# Refurb deal of the day



## ahsanford (Jun 13, 2016)

http://shop.usa.canon.com/shop/en/catalog/306913?WT.mc_id=C126149

Must... stay... strong. Must resist.

- A


----------



## unfocused (Jun 13, 2016)

No worries. It is now out of stock. However, if you don't mind a slightly longer focal length, the 200 f2 appears to still be available and only $4,560.


----------



## mrzero (Jun 13, 2016)

The 135 only came up with 1 in stock, and it was gone before I clicked through the email. Same happened with the 16-35/4L.

However, the original 35mm/1.4L came up at $750...and I couldn't hold out. It's been out of stock for a while and I'm guessing this might be the last run. It'll be a long, long time before I can justify the new mark II, but I think this one can sneak into my bag...

Still in stock if you're on the fence!


----------



## wsmith96 (Jun 13, 2016)

I maintained my discipline today and it took all I had. I had the 16-35 F4L in the cart, looked at it for a couple of minutes, then removed it from the cart. That was a hard decision, but I'm interested in the 16-35 2.8 coming out soon, plus I know that this deal will be back in October and November


----------



## wsmith96 (Jun 13, 2016)

ahsanford said:


> http://shop.usa.canon.com/shop/en/catalog/306913?WT.mc_id=C126149
> 
> Must... stay... strong. Must resist.
> 
> - A


oh man, I would have snagged that in a heartbeat.....


----------



## Mt Spokane Photography (Jun 14, 2016)

I wasn't even tempted. I'm happy with my current lenses.


----------



## slclick (Jun 14, 2016)

Worth every penny. It's the only lens I would keep if some madman(woman) forced me to part with all the rest.


----------



## j-nord (Jun 14, 2016)

Just picked up one up 2 months ago.
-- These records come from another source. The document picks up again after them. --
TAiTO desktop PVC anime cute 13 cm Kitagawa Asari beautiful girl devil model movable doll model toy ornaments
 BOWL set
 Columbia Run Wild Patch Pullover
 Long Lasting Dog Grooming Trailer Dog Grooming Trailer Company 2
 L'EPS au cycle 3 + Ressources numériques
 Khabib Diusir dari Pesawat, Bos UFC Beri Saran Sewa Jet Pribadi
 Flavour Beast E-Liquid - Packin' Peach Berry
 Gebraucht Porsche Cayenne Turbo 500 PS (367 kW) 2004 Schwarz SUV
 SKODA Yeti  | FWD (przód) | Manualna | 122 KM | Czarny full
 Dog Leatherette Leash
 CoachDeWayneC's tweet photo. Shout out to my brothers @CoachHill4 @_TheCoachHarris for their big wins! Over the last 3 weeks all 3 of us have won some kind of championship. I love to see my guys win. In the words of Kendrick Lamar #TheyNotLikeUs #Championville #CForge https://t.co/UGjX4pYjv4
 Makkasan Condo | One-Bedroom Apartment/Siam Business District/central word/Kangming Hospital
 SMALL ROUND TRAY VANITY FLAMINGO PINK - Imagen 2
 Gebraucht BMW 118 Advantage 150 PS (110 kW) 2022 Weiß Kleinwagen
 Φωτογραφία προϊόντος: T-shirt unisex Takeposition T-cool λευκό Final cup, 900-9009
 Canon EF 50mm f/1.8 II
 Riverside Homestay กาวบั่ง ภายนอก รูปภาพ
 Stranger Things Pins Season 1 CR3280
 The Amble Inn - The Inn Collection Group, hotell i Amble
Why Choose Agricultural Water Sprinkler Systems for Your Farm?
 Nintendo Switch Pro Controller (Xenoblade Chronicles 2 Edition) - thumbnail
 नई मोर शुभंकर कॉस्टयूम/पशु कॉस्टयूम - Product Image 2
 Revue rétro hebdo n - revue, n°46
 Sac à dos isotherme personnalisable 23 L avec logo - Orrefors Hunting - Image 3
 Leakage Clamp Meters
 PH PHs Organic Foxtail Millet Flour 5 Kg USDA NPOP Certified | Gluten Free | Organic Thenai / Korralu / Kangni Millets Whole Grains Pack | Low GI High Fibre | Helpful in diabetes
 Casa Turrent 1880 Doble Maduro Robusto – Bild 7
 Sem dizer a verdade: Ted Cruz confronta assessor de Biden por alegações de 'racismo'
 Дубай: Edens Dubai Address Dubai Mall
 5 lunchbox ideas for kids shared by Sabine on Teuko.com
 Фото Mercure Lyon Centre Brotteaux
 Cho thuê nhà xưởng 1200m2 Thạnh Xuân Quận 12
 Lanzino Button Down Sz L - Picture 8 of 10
I instantly fell in love with this lens when taking portraits of my new puppy and also some flower shots. Alas, I'm selling it on eBay already because I can't really justify keeping it. I'm not a pro and I don't even do casual portraiture (other than some pets here and there). It's a really good focal length for landscape but a prime with out IS will never go in my bag on a hike. And, more importantly, it's going to fund a 100-400ii which is the most practical lens for me


----------



## slclick (Jun 14, 2016)

j-nord said:


> Just picked up one up 2 months ago. I instantly fell in love with this lens when taking portraits of my new puppy and also some flower shots. Alas, I'm selling it on eBay already because I can't really justify keeping it. I'm not a pro and I don't even do casual portraiture (other than some pets here and there). It's a really good focal length for landscape but a prime with out IS will never go in my bag on a hike. And, more importantly, it's going to fund a 100-400ii which is the most practical lens for me



135mm isn't so long that it requires IS imho. Now get up beyond 200 and yes, a must have. YMMV. You'll miss it...I did the same thing years ago and purchased a 2nd copy, told myself I'll never make that mistake again.


----------



## j-nord (Jun 14, 2016)

slclick said:


> j-nord said:
> 
> 
> > Just picked up one up 2 months ago. I instantly fell in love with this lens when taking portraits of my new puppy and also some flower shots. Alas, I'm selling it on eBay already because I can't really justify keeping it. I'm not a pro and I don't even do casual portraiture (other than some pets here and there). It's a really good focal length for landscape but a prime with out IS will never go in my bag on a hike. And, more importantly, it's going to fund a 100-400ii which is the most practical lens for me
> ...



I can definitely see my self picking up another copy in the future. I won't even go 24mm without IS. I did give the 135 a shot on a hike and found it almost unusable, for me, again, when hiking, when just trying to get shots off quickly with out stopping too much. I completely understand and agree, you don't need it for a portrait session.


----------



## ahsanford (Jun 14, 2016)

j-nord said:


> I can definitely see my self picking up another copy in the future. I won't even go 24mm without IS. I did give the 135 a shot on a hike and found it almost unusable, for me, again, when hiking, when just trying to get shots off quickly with out stopping too much. I completely understand and agree, you don't need it for a portrait session.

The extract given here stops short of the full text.